洋服も冬服と夏服があり、表情パターンも多く飽きが無いのと、メッセージウィンドウにも話しているキャラが表示される為、視覚からもとても分かりやすかったです。
ここぞ!という時に一枚絵が入るのもとても良く。
高村さんとのシーンや美波との過去回想など、重要なシーンでは一枚絵の美しさに魅了されました。
特に星空が丁寧に描かれ、ラストの屋上の一枚絵の雄大さ、壮大さはラストを彩るに相応しいイラストでした。


『物語』
とにかく丁寧。
会話文が多く地の文が少なめですが、その分、人間関係の構築が丁寧に描かれていました。
少しずつ主人公が誰かと繋がっていき、その繋がりから人情が生まれ。
出会う人が皆本当に優しくて暖かく、人の優しさに触れる作風で。
そして、まるで運命のように人々から得られた何かが一つに繋がっていく。
「星は繋がる事で星座になる」の言葉通り、「人は繋がる事で人生になる」にも掛け合わさり。
「繋がり」を描いた構成が本当に上手でした。


『好みのポイント』
ラストは悲しく切なくもとても納得のラストで、色々思う所はありながらも「これしかない」と納得出来る所が好きでした。
そして、主人公、北斗と幼馴染の美波の関係がもう…最っっっ高でした!!
幼馴染だからこその昔から知る積み重ねて来た関係と、今作が恋愛モノと一括には出来ないジャンルだからこそのもどかしさや二人の幼馴染ならではの落ち着く距離感などの描き方が秀逸で。
「付き合いました、終わり」では決して無い描き方が絶妙で本当に好きでした。
二人が今回の一件を抱え、ずっと一緒に大人になっていくのだろうなと思うと、胸が熱くなります。





以下ネタバレ含めての感想です





主人公北斗の「何かをしなければいけない」「その何かを一人でなんとかしなければいけない」そんな焦燥感はなんとなく自分も昔…思春期頃に通ったことがある道で。
彼の頑張りが頑張ってはいるのだけれど、同時に自分の首を絞めていく姿に昔を思い出し息苦しさを感じました。
特に父親を早くに亡くし、母親が働き家に一人きりの彼だからこそ、そういう「一人でやっていかねば」という思いは人一倍強くなるんだろうなーと思うと…本当に幼馴染の美波が側に居てくれて良かったと心から思います。
「一人でも生きていけるかもしれない、でも、じゃあ、倒れた時は?」「本当に一人なのか?心配する人は居ないのか?」など、「人は一人きりでは人生にはなれない」というのが「星」の話と関連付けられているかのように展開し。
美波がしっかりと北斗を支え星座になり、それから軽音部の面々とも向き合い大きな星空になっていく姿が印象的でした。
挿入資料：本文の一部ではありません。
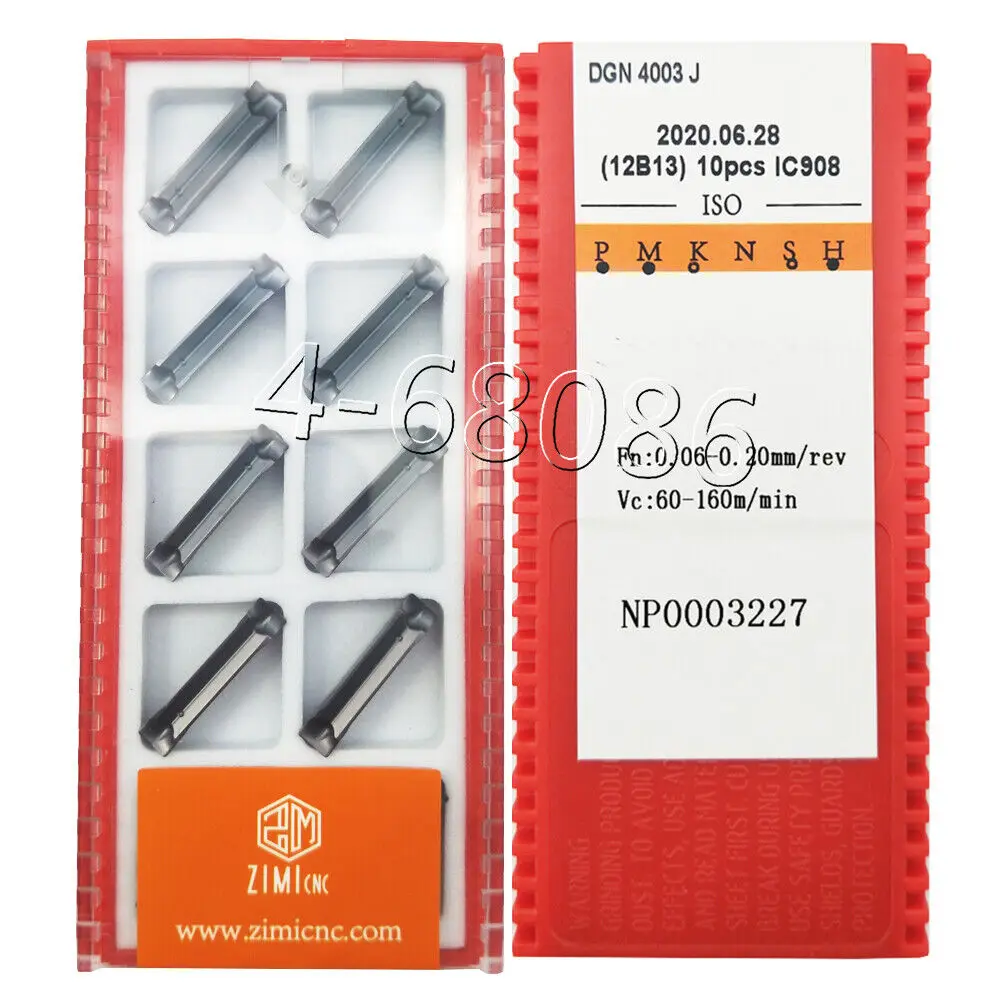 

10pcs DGN 4003J IC908 carbide Grooving cutting inserts milling index Turning tool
皆本当に良い人ばかりで…だからこそ、高村さんのラストはとても苦しく。
けれど、高村さんは自分の星座を作るのに必要な奥さんを失っているので、彼の人生は確かに主人公達によって良きものにはなっていても一日24時間ある生活の面では決して奥さんを失った穴を埋める事は出来ないよなぁ…とも思い、彼のラストはあれ以外には無いとも納得してしまいました。
もっと北斗と美波と一緒に話して欲しかった、もっと8月の演奏も聴いてもらって軽音部の面々とも会って欲しかった…
でも、高村さん人生の生きていく上での先よりも、二等星の奥さんの元に行く事を選んだのだなぁと。
高村さんが糖尿病でありながらお酒を飲み続けたのは緩やかな自殺で…
切ないけれど、彼の人生は彼のものである以上、その選択も仕方ない事だと思いますし、人生における唯一の相手を失うというのは想像を絶するものだと思うので、彼が星の元で奥さんにまみえる事を願わずにはいられません。
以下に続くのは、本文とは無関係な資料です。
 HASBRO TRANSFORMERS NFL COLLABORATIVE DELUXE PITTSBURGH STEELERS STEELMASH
きっと、美波への想いを自覚する前の北斗だったら高村さんの選択を全否定し下手をしたら軽蔑していたかもしれませんが、美波の存在の大きさを知り、その存在が高村さんにとっての奥さんだと気付いてしまった以上、北斗は完全に彼の死を…願いを止める事は出来ず。
最後、高村さんに「死なないでほしい」と告げ「傲慢だな」とは言われますが、縋り付くほどの必死さで止めなかったのは彼の奥さんへの想いの重さを知ってしまったからだろうなと思ってます。
なんとなくですが、物語開始時、美波への想いに気付いていない北斗だったら高村さんの想いを汲み取れず、彼の行動をもっと分かりやすく非難しただろうなと思うので。
「高村さんともっと生きて欲しかった話したかった、でも、高村さんがもっと生きて奥さんが居ない世界に居る事もまた酷である」という自分の想いと相手の願いが相反し、そこに折り合いを付けていく姿。
それこそが北斗の成長であり、大人への一歩であり、広がった彼の中の星図だからこそできた許容であり。
高村さんもまた北斗の星図を広げる一人に、人の繋がりを広げ人生を広げる一人に最後の最後でなれたのだと思うと…
奥さんの元へ向かう願いも叶え、老人として若者の人生を広げもし、自分自身も最後に楽しい思い出を作る事が出来た…ある意味での一人勝ちであり、独り身の彼からすれば大往生だったのではないかな?と思っています。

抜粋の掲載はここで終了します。